#### Aim of the exercise
Among the entries below, count the lines containing the string "Inch". Only the count is needed.

Given data section start

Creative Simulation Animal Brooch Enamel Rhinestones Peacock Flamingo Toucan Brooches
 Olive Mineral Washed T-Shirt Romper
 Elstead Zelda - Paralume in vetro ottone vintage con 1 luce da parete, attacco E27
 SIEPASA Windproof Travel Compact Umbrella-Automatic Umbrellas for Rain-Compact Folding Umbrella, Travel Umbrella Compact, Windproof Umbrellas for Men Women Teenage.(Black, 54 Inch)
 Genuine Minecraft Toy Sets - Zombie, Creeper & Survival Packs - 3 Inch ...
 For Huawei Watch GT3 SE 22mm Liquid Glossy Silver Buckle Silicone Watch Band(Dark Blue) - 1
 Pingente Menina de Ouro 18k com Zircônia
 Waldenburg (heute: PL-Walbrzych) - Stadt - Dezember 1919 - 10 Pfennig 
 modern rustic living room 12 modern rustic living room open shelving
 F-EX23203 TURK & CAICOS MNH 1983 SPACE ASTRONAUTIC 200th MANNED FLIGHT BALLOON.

Given data section end

#### Reply
2